■ Problem to solve ■
Print exactly the lines from the one containing "The Real Story" through the last line of the entries below; the pictures stay out of the copy.

■ Data provided ■
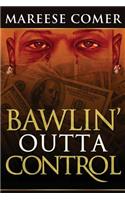 Bawlin' Outta Control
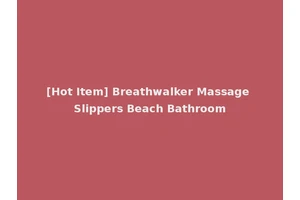 [Hot Item] Breathwalker Massage Slippers Beach Bathroom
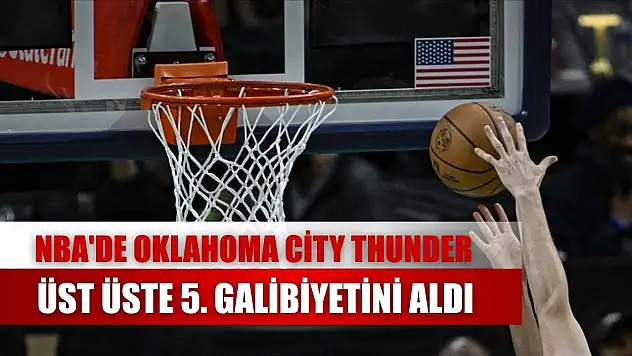 NBA'de Oklahoma City Thunder, üst üste 5. galibiyetini aldı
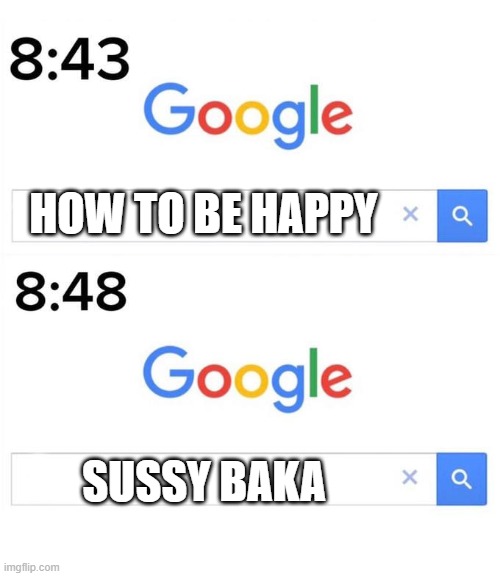 google | HOW TO BE HAPPY; SUSSY BAKA | image tagged in google before after | made w/ Imgflip meme maker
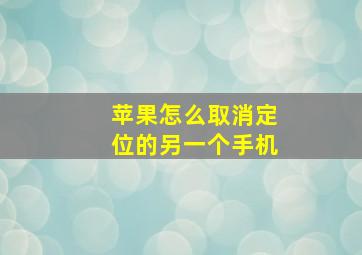 苹果怎么取消定位的另一个手机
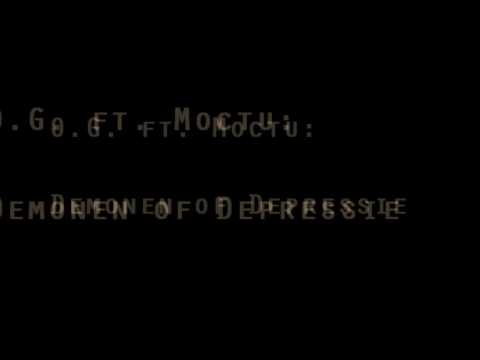 O.G. ft. MocTu - Demonen of Depressie!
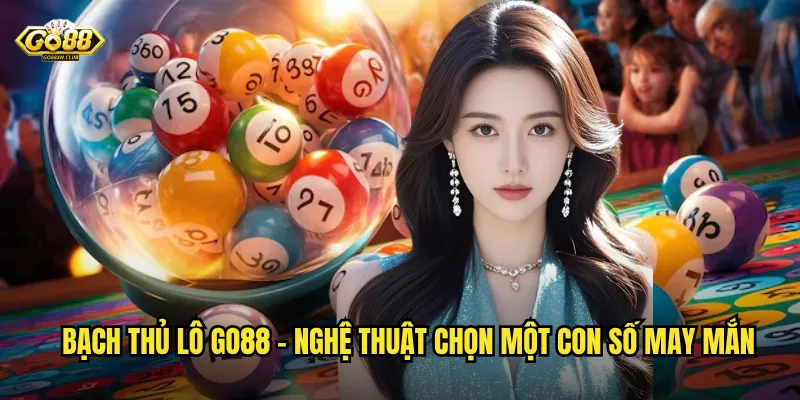 Go88 bạch thủ lô - Bí quyết săn số độc với tỷ lệ ăn khủng 2 Bạch thủ lô go88 - Nghệ thuật chọn một con số may mắn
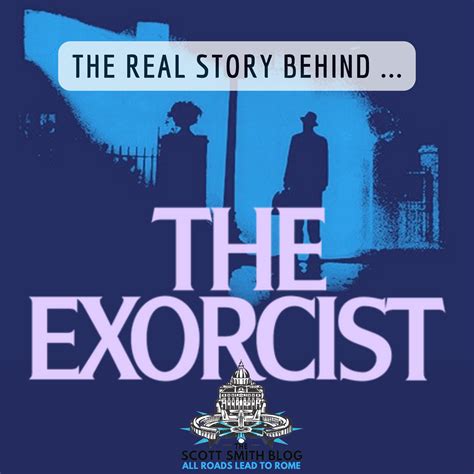 The Real Story Behind The Exorcist Movie The Exorcism Of Roland Doe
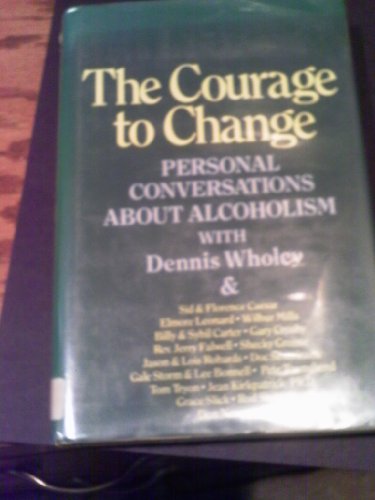 Beispielbild fr Courage to Change : Personal Conversations about Alcoholism zum Verkauf von Better World Books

■ Finished task ■
 The Real Story Behind The Exorcist Movie The Exorcism Of Roland Doe
 Beispielbild fr Courage to Change : Personal Conversations about Alcoholism zum Verkauf von Better World Books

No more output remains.